Pocas expresiones artísticas condensan con tanta fuerza la memoria colectiva, la indignación social y la identidad popular como el corrido mexicano. Este género narrativo-musical, como en su época los juglares, ha evolucionado de forma paralela a la historia nacional, erigiéndose como testigo, cronista y altavoz del México profundo.
Recientemente, Luis R. Conriquez, una de las voces más reconocidas del nuevo estilo regional mexicano, acaparó titulares cuando en pleno Palenque de Texcoco, decidió omitir de su repertorio algunos de sus narcocorridos más emblemáticos. La decisión, lejos de pasar inadvertida, reavivó un viejo debate: ¿debe regularse el contenido de estas canciones o defenderse su naturaleza como testimonio de una realidad ineludible? A otros, las autoridades de Jalisco les abren carpetas de investigación por presunta apología del delito.
Las reacciones no se hicieron esperar. Mientras unos vieron en el acto un gesto de responsabilidad ética, otros acusaron una regresión autoritaria por parte del Estado mexicano, especialmente tras los comentarios de la presidenta Sheinbaum; aunque, ella aclaró: “No prohibimos un género musical, eso sería absurdo. Lo que estamos planteando es que las letras no hagan apología de las drogas, de la violencia, de la violencia contra las mujeres o de ver a una mujer como un objeto sexual… queremos una conciencia social en nuestro país”.

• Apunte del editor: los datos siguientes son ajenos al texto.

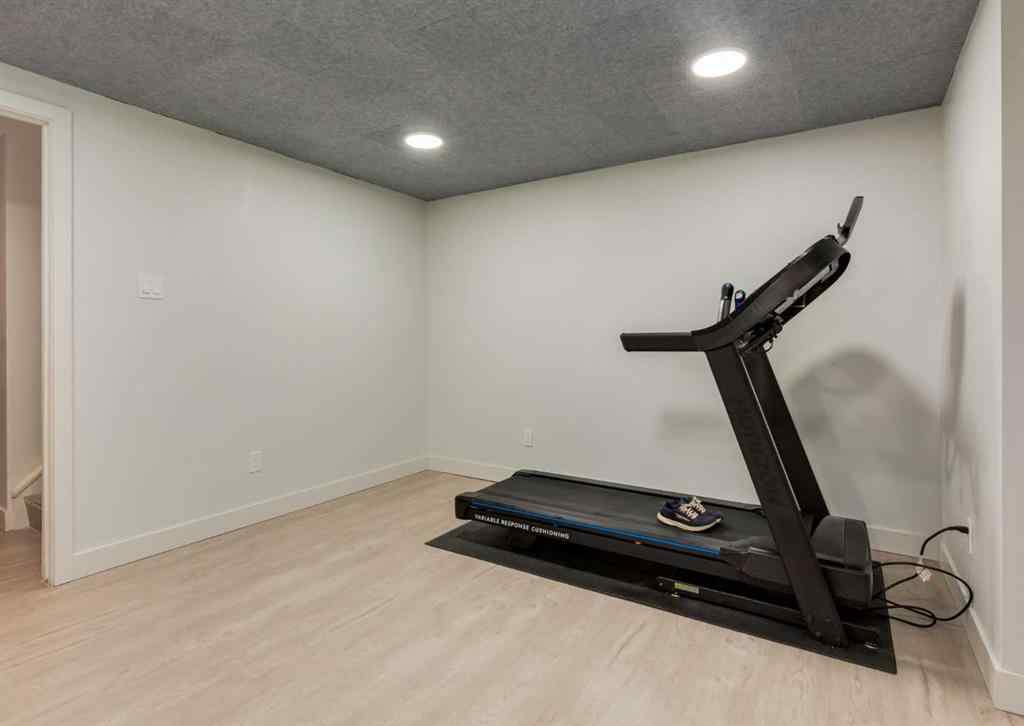 MLS® A2250810 - 127 Silvercreek Close NW in Silver Springs Calgary, Residential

Durante la Revolución Mexicana el corrido vivió su esplendor: las hazañas de Pancho Villa, Emiliano Zapata, fueron cantadas en plazas y ferias, como una epopeya que escapaba de las versiones oficialistas para encontrar su verdad entre versos y la lira, aunque el Gobierno lo consideraba sedicioso. El héroe no era el gobernante, sino el campesino armado, el bandolero justiciero, el soldado anónimo, la carabina de los rebeldes o el caballo perdedor. En esos relatos sonoros, el corrido fue la historia de los vencidos, y su poder residía precisamente en no pedir permiso para contar la otra historia, la de los de abajo.
Con el paso del tiempo, el corrido evolucionó y enfocó nuevas formas de confrontar al establishment, y profundas disrupciones en el ser mexicano. Así nació el narcocorrido, subgénero que documenta y, en ocasiones glorifica, la vida de los capos, las jerarquías del crimen organizado y las otras realidades del México contemporáneo. Para unos, se trata de apología del delito; para otros, un retrato brutalmente honesto de una realidad que, aunque incómoda, existe.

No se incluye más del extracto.